PM Laurent Lamothe and Presidential Candidate Jovenel Moise

Now that the presidential campaign phase for the Lavalas election is pretty much on the way, candidates from all walks of life are looking around for political endorsements –to increase their chances of winning the election. One of the big endorsements they are probably flirting with is that of former Prime Minister Lamothe.

The former prime minister is not in the race, so it would be pointless to support his candidacy, as I passionately did when he attempted to run for president last year. He will get my full and unconditional support whenever he decides to run again. But, in the meantime, we on the right of the political spectrum have a horse in the race, and that is Jovenel Moise, Neg Bannann nan, whom PM Lamothe agree with ideologically and politically to some extent.

If you run an opinion poll right now, you will find out that most of the people that had supported PM Lamothe for president are with Jovenel. There is a reason for that, and the reason is that they both have more things they agree on ideologically and politically than they disagree on –they are both on the right.

We [on the right] have an election to win for the country. So we are making a patriotic call to PM Lamothe for him to rally behind Jovenel in this election. In my humble opinion, I think it would be a big political miscalculation on his part to pick someone else to endorse or not endorse anyone at all. As a politician, you should always prime the country’s best interest over anything else –the country cannot survive five years of the Lavalas anarchists.

PM Lamothe does not have to join PHTK to endorse Jovenel. I am not a member of PHTK, yet I am a diehard supporter of Jovenel. Many Republicans, for instance, have supported Hillary Clinton, a Democrat, over Donald Trump, the nominee of their party. This is about the country, not party affiliation.

When you want to see certain political, economic and social changes occur, since you are a political heavyweight, any politician, whom you agree with ideologically, looking for your political endorsement must pay a price.

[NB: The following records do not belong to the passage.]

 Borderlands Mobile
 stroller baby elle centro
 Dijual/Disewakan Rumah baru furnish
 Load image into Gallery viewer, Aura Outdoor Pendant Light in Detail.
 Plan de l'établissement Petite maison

That price, of course, will not be in monetary value or anything; it would be in that politician’s agenda. That politician must accept to make some key policy changes in the agenda upon which he or she intends to campaign and win. I was thrilled when I heard Jovenel mention during an interview that he intends to continue with the signature policies Laurent Lamothe had championed –Ti Manman Cheri, Kore Etidyan, Restoran Popile, etc –which he got beaten for left and right by the Lavalas leftists.

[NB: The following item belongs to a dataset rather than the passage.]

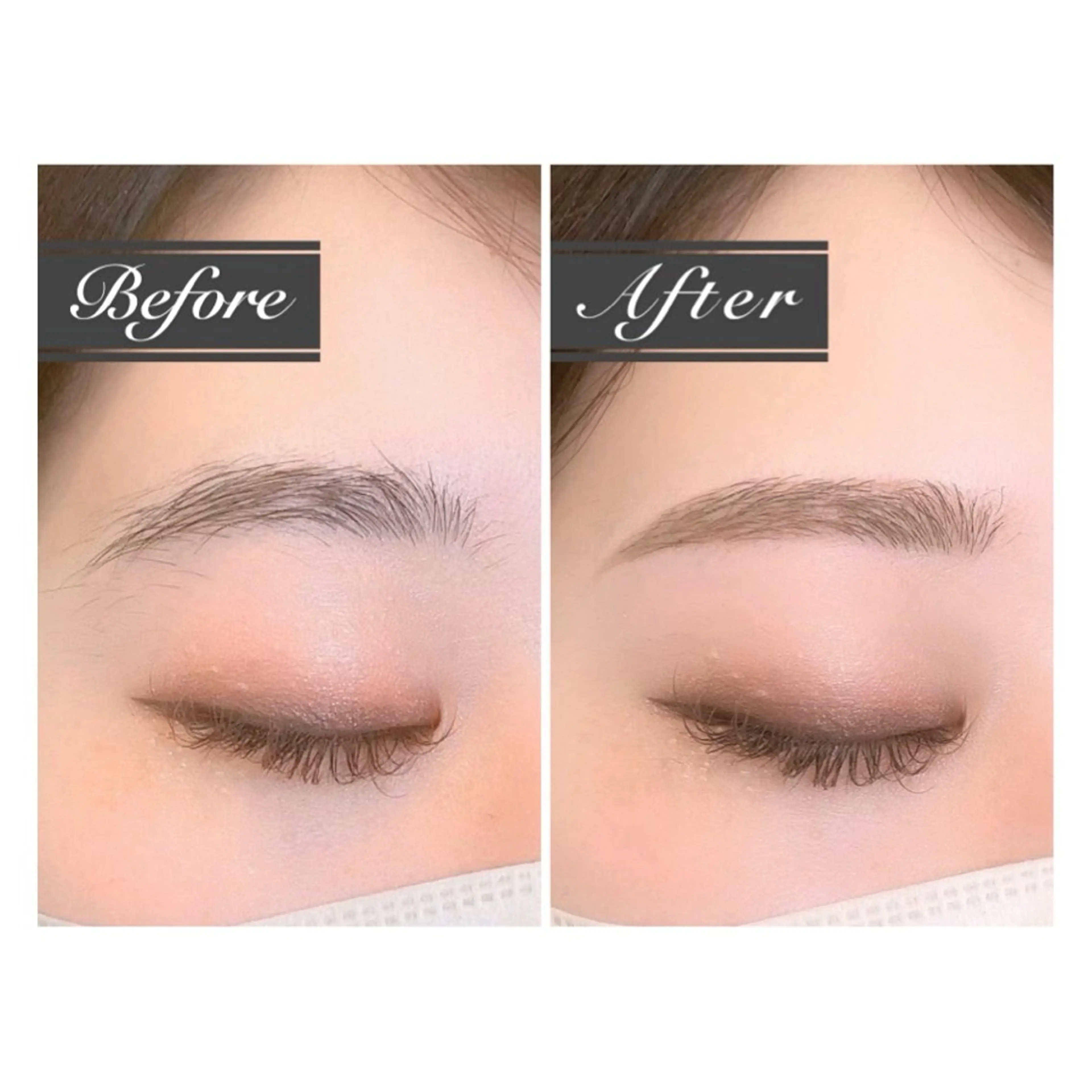 アイブロウ BEAUTYGENE 🪽よこやまのマツエク・マツパデザイン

We just got to witness what happened between Bernie and Hillary in the Democratic Party. Bernie and Hillary had some serious policy disagreements, explaining the reason as to why we had a very heated primary. After Hillary had secured the nomination, knowing that it would be mathematically and politically impossible for her to win the general election without the Bernie supporters, representatives of both campaigns met to craft the most progressive platform in the history of the Democratic Party. Bernie got in there a lot of the things he had wanted for the young people and working class Americans who voted for him –such as debt-free college education for the young people and $15 minimum wage, which Hillary politically calls a “living wage,” for the working class. That’s how it is done.

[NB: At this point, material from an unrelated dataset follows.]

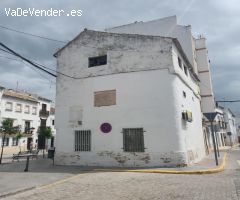 Gran oportunidad!!! Casa para reformar en Écija, muy cerca del Palacio de Benamejí!!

As a new generation politician, PM Lamothe needs to show that he embodies a different kind of politics; he needs to break ties with the archaic way of doing politics in the country. Political grudges and bickerings won’t change the dire socioeconomic situation of the majority, which he has pledged to topple. My advice to him is to join hands with Jovenel, our candidate in the race, and together make the changes happen. Of course, not everything they are going to agree on. That’s politics. But if they focus on the things they agree on, they can accomplish a lot together for the betterment of the country.